Depending on the costs of the components the parameters for the EHT can be chosen such that the total cost is minimized.
Conclusion
We have proven that through relaxation of requirements and exploitation of degrees of freedom onchip memory requirements can be significantly reduced and lookup performance improved at the cost of minimal additional hardware. Based on four key ideas we have introduced new techniques to design an Efficient Hash Table. Our suggested improvements can be applied individually or in concert and are fully customizable to meet the requirements of the target application and hardware. The costs of each component is analyzed and evaluated and a cost function is provided that allows calculating the overall cost. The simulation results fully meet the expectations, backup our theoretical analysis and allow accurate predictions.
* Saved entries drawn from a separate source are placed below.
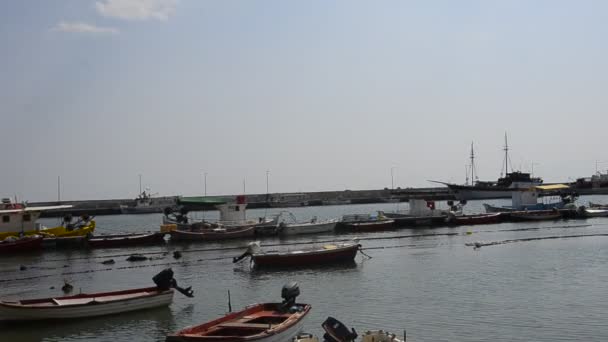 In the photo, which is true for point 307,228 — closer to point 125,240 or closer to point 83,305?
point 125,240

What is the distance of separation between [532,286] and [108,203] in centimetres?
12821

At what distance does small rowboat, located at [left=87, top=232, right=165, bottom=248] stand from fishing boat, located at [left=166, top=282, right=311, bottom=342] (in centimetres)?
3325

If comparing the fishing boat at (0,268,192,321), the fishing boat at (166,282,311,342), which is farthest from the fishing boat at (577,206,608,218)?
the fishing boat at (166,282,311,342)

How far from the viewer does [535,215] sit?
217ft

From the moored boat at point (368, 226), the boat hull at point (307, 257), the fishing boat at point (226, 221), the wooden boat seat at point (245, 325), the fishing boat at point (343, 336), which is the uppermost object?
the fishing boat at point (226, 221)

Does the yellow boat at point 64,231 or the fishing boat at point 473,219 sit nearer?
the yellow boat at point 64,231

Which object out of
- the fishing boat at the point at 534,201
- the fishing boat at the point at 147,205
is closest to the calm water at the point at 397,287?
the fishing boat at the point at 534,201

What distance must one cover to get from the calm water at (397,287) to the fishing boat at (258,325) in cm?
135

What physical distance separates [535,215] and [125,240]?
40.3 metres

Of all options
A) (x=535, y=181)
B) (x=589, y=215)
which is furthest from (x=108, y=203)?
(x=589, y=215)

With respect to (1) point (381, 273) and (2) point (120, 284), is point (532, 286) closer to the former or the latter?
(1) point (381, 273)

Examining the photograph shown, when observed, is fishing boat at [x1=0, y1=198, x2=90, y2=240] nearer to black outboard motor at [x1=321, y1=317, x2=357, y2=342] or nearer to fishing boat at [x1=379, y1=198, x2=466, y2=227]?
fishing boat at [x1=379, y1=198, x2=466, y2=227]

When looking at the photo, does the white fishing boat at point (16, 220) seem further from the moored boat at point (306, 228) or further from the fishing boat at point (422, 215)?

Furthermore, we presented a thorough evaluation of the space requirements of not only multiple EHT configuration but also of its predecessors the FHT, MHT as well as segmented and peacock hash, and discriminator table in the presence of a million entries.
High amounts of onchip memory can be traded in for comparatively small amounts of offchip memory, additional CAM, and some computational overhead. Cleverly chosen hash functions allow the reduction of offchip memory size. Offloading update overhead to offline structures leads to a more optimized lookup engine and allows improved encoding. We proposed two compression schemes for the summary that provide realtime performance and are easy to implement. Combined, the presented design achieves an improvement over previous solutions up to an order of magnitude, guarantees constant lookup of O(1), and supports near realtime updates while requiring only a few bits per item of onchip memory.